Special Coverage

Management Briefing Seminars

TRAVERSE CITY, MI – The rumble of diesel-powered trucks idling through the night – and spewing unwanted emissions in the process – soon may be a distant memory thanks, in part, to developments at Tenneco Inc.

Tim Jackson, chief technology officer, and Patrick Garcia, director- acoustics and advanced engineering, at the company’s European OEM emission-control unit, tell Ward’s at the Management Briefings Seminars here they have an advanced auxiliary power unit (APU) that will eliminate the need for truck operators to keep their engines idling while parked.

Truckers customarily use power from their engines to keep accessories, such as heaters, air conditioners, lights and sound systems, operating without drawing down their batteries. Diesel-powered trucks also typically are difficult to start in cold weather.

Garcia says Tenneco’s APU, which is nearing the full prototype stage, is targeted for installation on heavy-duty Class 8 trucks in the 2011-2012 timeframe. Renault SA, Fiat SpA and Daimler AG are testing the device. No production orders have been placed, but Tenneco is working with truck manufacturers on development contracts.

Jackson says Class 8 trucks burn an average of 3,000 gallons (11,356 L) of diesel fuel yearly due to idling. He estimates Tenneco’s APU could save an estimated 2,000 gallons (7,571 L).

Garcia describes the ACU as “a little chemical plant” that can be mounted in several areas of a truck’s cab.
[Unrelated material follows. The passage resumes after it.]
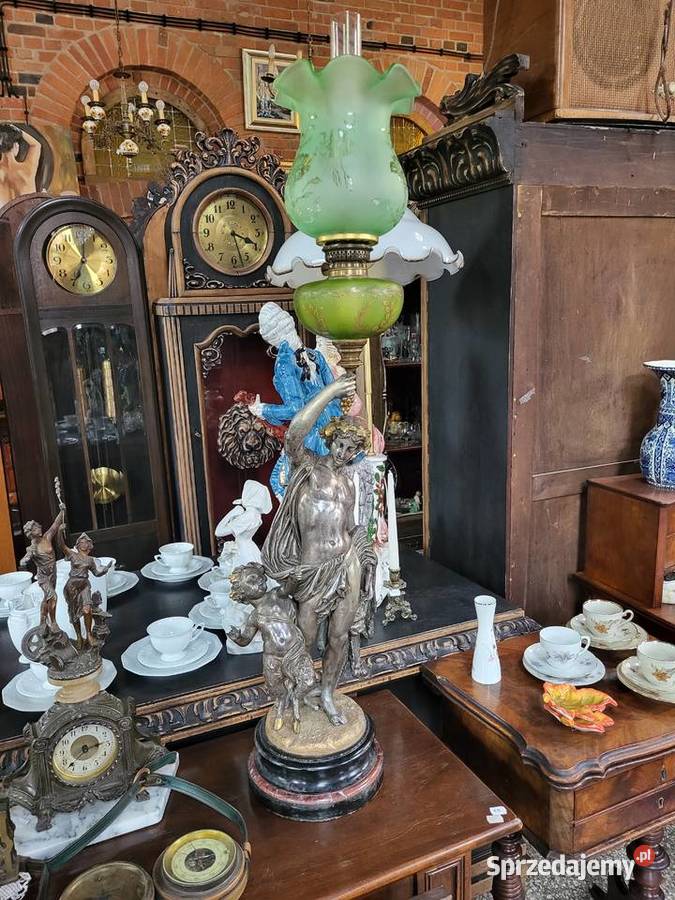 Pięknie zdobiona lampa naftową z brązu Antyki śląskie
The device takes the vehicle’s diesel fuel and splits out the hydrocarbons to produce hydrogen fuel that generates 5 kW of power to replace electricity lost when the engine is shut off.
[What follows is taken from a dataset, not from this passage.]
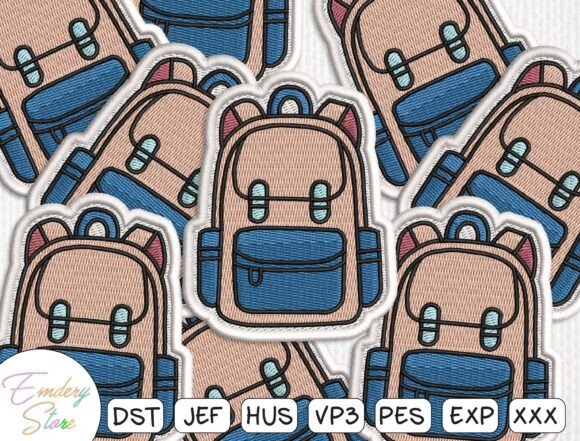 Download Cute Student Bag Patch Embroidery File - Premium Resources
Jackson says Tenneco is targeting a price of about €2,000 ($2,750) and estimates this could be recaptured in fuel savings over three to four years.

The market potential is huge: Some 110,000 Class 8 heavy-duty trucks are sold annually in the U.S. In Europe, the tally is 150,000. Jackson reckons another 50,000 units could be retrofitted each year, boosting the overall market to more than 300,000 vehicles.

Tenneco’s APU currently weighs about 330 lbs. (150 kg), but Jackson says some of that will be offset by eliminating the alternator and associated belt-pulley systems.

“That will save 150 lbs. (68 kg),” he estimates, but Tenneco’s goal is to make the APU “mass neutral.”

Jackson says the APU likely won’t find many takers in Japan due to different driving conditions. China’s low truck prices and use of diesel fuel containing high sulfur content is not conducive to the technology, either.